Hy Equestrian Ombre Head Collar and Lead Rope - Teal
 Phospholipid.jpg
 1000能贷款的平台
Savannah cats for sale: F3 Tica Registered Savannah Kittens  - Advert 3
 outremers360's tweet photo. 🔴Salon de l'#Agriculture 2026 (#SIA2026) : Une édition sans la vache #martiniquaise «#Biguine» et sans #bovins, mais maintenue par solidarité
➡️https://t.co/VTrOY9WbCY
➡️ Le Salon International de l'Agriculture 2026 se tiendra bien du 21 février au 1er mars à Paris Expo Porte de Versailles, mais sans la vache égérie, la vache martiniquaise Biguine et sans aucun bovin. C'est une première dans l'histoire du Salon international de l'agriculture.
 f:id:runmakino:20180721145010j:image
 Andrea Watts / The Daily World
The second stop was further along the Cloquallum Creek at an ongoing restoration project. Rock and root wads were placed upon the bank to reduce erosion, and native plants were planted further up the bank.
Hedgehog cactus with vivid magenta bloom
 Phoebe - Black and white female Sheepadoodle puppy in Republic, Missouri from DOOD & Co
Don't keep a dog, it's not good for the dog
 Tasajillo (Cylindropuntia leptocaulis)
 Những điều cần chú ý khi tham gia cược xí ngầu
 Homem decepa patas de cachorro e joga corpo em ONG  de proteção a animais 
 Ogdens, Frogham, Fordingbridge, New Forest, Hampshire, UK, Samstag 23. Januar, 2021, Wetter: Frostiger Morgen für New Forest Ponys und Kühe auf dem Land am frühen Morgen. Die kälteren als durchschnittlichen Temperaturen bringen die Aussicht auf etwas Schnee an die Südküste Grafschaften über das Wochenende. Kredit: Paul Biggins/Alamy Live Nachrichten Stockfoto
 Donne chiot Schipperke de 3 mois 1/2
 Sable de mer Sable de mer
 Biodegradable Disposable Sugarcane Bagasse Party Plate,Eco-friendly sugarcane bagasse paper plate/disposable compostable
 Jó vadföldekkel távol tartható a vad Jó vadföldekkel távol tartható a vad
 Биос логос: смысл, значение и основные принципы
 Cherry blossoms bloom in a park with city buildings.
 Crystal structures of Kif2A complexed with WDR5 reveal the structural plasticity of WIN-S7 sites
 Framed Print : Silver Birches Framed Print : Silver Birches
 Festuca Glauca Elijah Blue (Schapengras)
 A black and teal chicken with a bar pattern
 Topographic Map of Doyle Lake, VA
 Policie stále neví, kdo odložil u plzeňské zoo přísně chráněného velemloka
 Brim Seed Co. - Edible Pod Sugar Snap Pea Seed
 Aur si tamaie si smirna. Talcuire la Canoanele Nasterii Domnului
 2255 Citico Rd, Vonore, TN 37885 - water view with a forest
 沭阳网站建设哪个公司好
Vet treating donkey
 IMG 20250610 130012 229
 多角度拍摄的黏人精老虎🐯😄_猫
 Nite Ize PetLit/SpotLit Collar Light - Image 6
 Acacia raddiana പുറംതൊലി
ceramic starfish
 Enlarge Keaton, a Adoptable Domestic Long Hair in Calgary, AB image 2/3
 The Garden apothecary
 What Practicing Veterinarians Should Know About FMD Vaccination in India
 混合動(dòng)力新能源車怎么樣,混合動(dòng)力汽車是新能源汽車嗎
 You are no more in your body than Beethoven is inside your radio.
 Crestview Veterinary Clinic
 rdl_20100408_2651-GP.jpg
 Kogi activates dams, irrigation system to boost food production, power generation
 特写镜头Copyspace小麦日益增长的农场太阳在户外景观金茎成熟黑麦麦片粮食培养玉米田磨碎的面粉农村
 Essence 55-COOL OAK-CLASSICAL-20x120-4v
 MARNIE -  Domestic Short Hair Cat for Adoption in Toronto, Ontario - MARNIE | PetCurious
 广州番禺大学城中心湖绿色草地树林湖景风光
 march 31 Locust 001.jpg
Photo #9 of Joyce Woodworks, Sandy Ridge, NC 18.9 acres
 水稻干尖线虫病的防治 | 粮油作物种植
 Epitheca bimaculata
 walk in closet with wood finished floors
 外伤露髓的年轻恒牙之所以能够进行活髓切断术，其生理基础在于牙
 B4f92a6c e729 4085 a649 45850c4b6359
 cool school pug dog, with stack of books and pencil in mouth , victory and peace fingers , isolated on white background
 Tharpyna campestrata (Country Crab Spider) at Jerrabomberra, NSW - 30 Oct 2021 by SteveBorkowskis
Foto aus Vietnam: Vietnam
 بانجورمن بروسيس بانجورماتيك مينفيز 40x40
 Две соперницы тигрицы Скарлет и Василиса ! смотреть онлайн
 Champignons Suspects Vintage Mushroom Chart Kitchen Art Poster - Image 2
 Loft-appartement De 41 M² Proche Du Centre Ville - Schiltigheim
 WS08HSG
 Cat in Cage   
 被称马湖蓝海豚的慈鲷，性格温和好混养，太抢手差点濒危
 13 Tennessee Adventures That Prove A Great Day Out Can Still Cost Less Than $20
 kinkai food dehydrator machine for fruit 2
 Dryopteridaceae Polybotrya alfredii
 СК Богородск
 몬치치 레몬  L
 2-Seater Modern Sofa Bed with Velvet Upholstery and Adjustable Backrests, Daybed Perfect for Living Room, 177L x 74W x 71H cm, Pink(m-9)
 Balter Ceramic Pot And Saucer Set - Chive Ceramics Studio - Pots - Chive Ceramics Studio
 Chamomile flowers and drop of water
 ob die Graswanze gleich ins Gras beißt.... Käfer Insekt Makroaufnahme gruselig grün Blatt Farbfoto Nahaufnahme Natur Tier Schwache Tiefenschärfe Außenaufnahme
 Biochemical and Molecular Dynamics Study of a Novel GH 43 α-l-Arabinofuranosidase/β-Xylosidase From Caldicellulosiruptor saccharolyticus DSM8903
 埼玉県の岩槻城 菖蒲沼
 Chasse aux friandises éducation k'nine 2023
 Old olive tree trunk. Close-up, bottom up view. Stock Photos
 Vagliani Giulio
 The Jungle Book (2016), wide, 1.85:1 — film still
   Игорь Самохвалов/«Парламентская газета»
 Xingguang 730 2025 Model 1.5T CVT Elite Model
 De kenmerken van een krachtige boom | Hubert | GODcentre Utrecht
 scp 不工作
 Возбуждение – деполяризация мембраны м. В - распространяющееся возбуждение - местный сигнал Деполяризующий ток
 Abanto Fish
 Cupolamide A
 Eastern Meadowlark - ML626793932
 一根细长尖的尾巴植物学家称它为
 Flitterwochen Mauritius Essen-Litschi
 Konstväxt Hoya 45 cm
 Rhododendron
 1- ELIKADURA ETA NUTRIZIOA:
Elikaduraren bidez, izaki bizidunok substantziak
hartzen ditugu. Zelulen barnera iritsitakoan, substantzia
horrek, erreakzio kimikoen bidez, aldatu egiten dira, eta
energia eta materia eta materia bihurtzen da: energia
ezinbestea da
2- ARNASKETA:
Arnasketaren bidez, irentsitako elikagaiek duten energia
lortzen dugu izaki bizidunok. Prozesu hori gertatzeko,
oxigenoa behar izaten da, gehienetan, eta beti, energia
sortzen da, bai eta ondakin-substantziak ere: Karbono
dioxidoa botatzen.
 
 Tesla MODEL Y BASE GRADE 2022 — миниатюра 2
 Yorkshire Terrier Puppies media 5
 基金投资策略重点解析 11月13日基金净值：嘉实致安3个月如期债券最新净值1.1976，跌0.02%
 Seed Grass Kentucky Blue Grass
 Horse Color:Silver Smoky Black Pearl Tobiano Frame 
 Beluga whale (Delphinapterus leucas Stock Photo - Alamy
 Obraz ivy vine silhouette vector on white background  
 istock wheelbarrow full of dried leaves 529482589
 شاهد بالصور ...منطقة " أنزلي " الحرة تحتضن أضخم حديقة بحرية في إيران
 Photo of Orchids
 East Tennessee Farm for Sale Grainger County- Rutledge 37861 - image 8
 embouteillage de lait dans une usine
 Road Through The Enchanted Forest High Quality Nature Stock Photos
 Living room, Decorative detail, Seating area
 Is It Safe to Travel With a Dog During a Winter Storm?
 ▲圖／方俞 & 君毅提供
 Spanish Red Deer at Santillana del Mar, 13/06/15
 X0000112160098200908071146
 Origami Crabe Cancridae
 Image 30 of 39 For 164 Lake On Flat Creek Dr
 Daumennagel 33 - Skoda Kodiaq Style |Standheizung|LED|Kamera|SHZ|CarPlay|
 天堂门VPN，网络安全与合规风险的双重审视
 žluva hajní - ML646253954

• • • •

WHAT IS BEING ASKED
Repeat the material exactly. Begin with its first line and end with the line that has "Don't keep a dog, it's not good for the dog".

REPLY
Hy Equestrian Ombre Head Collar and Lead Rope - Teal
 Phospholipid.jpg
 1000能贷款的平台
Savannah cats for sale: F3 Tica Registered Savannah Kittens  - Advert 3
 outremers360's tweet photo. 🔴Salon de l'#Agriculture 2026 (#SIA2026) : Une édition sans la vache #martiniquaise «#Biguine» et sans #bovins, mais maintenue par solidarité
➡️https://t.co/VTrOY9WbCY
➡️ Le Salon International de l'Agriculture 2026 se tiendra bien du 21 février au 1er mars à Paris Expo Porte de Versailles, mais sans la vache égérie, la vache martiniquaise Biguine et sans aucun bovin. C'est une première dans l'histoire du Salon international de l'agriculture.
 f:id:runmakino:20180721145010j:image
 Andrea Watts / The Daily World
The second stop was further along the Cloquallum Creek at an ongoing restoration project. Rock and root wads were placed upon the bank to reduce erosion, and native plants were planted further up the bank.
Hedgehog cactus with vivid magenta bloom
 Phoebe - Black and white female Sheepadoodle puppy in Republic, Missouri from DOOD & Co
Don't keep a dog, it's not good for the dog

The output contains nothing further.